- U.S. coffee prices retreated on Wednesday, as investors cashed out of the market to lock in gains from the previous session’s more than 5% surge amid ongoing concerns over crop conditions in Brazil.

On the ICE Futures U.S. Exchange, Arabica coffee for July delivery fell 0.87%, or 1.82 cents, to trade at $2.0835 a pound during U.S. morning hours.

Coffee prices soared 5.34%, or 10.75 cents, on Tuesday to settle at $2.1190 a pound.

Arabica prices rallied to a 26-month high of $2.1892 a pound on April 23, as drought conditions in key coffee-growing regions in Brazil was expected to curb output.

Brazil is the world''s largest producer and exporter of Arabica coffee.

Meanwhile, U.S. sugar for July delivery advanced 0.65% to trade at $0.1773 a pound. Prices of the sweetener eased up 0.06% on Tuesday to settle at $0.1757 a pound.

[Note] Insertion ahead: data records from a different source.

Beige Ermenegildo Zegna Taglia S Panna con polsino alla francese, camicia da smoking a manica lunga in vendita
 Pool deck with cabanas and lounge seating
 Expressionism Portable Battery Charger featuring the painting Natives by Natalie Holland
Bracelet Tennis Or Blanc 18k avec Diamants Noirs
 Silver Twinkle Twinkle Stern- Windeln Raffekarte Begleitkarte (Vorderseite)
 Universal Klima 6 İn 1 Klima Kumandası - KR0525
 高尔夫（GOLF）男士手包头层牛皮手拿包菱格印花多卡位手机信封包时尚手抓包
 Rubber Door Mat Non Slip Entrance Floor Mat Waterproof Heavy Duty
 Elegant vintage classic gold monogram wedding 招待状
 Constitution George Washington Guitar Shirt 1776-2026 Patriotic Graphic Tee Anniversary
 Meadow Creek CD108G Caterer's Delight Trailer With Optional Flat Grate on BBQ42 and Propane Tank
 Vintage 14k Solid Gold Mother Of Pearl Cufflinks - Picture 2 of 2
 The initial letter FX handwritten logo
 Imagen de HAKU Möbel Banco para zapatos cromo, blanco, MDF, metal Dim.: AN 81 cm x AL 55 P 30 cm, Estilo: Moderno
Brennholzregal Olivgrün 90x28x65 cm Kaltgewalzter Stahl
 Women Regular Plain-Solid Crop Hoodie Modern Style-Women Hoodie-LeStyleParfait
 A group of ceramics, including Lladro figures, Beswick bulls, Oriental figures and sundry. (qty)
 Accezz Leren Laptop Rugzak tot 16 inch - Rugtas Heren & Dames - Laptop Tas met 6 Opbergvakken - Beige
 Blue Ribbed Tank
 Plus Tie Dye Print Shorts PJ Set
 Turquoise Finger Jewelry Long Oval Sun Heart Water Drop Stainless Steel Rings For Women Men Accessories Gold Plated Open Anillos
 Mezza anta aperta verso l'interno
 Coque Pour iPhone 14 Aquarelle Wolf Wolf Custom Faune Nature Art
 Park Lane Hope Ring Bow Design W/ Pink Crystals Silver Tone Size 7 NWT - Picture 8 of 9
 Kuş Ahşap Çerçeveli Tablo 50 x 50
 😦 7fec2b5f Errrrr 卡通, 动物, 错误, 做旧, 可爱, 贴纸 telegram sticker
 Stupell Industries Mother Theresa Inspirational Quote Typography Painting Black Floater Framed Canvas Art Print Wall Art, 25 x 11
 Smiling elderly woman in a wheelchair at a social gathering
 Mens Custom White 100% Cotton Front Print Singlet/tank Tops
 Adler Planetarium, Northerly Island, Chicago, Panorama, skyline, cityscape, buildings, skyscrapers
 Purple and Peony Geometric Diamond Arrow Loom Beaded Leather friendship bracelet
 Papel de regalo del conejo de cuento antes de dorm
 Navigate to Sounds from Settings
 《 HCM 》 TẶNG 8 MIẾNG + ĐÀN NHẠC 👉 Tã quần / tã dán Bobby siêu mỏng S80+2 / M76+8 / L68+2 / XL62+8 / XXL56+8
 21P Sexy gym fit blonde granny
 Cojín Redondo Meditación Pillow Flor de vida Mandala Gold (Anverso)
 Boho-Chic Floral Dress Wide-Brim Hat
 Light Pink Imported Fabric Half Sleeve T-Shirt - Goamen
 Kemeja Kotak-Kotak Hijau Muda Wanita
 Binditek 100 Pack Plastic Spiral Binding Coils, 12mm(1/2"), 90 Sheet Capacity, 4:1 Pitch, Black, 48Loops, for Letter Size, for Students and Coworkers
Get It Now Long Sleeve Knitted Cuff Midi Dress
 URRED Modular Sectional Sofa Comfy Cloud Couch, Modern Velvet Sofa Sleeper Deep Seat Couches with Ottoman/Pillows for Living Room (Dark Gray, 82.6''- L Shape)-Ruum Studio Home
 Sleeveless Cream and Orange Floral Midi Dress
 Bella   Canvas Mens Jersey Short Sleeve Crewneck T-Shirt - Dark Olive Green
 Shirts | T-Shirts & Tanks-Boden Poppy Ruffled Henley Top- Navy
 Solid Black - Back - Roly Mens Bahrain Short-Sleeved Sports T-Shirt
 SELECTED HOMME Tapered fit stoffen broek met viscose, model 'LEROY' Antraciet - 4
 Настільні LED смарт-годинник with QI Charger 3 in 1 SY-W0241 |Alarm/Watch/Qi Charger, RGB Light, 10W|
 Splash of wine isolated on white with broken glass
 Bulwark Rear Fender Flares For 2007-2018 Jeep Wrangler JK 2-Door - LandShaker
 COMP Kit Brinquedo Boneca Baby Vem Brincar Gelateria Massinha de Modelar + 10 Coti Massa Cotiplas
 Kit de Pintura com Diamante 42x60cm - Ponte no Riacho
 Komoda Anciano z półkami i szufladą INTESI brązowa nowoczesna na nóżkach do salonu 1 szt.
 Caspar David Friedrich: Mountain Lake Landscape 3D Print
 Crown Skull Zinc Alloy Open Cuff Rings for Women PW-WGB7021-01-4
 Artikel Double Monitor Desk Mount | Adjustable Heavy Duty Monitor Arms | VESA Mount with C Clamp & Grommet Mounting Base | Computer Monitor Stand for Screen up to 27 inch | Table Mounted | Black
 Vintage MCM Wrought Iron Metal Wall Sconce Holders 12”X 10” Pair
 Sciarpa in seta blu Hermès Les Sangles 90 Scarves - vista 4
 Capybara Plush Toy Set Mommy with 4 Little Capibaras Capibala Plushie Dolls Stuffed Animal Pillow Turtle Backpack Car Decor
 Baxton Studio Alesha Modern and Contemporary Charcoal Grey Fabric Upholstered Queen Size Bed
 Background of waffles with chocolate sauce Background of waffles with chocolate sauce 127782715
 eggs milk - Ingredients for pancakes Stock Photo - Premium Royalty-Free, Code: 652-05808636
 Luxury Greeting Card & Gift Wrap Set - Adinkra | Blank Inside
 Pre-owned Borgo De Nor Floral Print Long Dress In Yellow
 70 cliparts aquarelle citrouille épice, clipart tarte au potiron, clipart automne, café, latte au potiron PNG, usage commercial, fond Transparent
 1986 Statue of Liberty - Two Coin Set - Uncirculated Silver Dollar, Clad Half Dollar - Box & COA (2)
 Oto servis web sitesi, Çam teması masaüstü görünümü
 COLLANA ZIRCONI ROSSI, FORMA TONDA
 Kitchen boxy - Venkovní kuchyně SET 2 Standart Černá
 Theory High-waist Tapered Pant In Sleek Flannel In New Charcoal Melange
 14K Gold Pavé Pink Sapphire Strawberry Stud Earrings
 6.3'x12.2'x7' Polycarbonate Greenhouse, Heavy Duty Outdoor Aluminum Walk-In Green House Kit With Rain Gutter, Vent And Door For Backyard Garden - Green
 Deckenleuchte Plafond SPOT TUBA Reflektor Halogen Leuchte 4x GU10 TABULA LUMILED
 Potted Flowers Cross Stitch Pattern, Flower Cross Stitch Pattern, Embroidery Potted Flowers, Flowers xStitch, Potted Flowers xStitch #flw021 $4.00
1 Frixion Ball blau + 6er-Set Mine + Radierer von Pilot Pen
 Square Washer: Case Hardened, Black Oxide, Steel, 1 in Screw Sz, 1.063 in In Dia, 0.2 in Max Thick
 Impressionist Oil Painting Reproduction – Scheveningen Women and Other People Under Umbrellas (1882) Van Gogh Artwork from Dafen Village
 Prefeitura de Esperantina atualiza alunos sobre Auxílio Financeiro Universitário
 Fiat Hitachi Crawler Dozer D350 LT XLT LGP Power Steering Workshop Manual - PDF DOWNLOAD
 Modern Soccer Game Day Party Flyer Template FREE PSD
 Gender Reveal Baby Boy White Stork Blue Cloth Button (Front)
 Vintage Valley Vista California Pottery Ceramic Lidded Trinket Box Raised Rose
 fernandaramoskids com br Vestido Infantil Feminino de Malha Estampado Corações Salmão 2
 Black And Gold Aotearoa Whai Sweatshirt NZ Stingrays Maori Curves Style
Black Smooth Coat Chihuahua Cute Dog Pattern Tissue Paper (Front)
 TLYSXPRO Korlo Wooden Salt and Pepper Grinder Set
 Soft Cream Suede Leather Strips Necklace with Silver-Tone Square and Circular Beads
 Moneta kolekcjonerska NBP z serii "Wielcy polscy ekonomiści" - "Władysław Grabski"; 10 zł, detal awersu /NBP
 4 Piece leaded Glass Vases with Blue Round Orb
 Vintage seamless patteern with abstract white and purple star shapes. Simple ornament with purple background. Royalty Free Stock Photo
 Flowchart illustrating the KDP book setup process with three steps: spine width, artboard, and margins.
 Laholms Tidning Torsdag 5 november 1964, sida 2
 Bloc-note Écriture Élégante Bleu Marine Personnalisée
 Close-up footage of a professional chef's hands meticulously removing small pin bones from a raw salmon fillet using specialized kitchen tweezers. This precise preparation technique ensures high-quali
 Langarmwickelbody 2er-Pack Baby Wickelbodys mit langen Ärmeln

Investors continued to monitor weather and crop conditions in top grower Brazil after the nation’s top cane industry group Unica said last week that output from the country’s main cane region will total 32.5 million tonnes, down 5% from 2013/14, citing a severe drought early in the year.

Brazil is the world''s largest sugar producer and exporter, with the U.S. Department of Agriculture estimating the nation accounts for nearly 20% of global production and 39% of global sugar exports.

Elsewhere, U.S. cotton for July delivery inched up 0.04% to trade at $0.9410 a pound. The July cotton contract rallied 1.98% on Tuesday to end at $0.9406 a pound.

According to the U.S. Department of Agriculture, nearly 13% of the U.S. cotton crop was planted as of last week, compared to the five-year average of 18% for this time of year.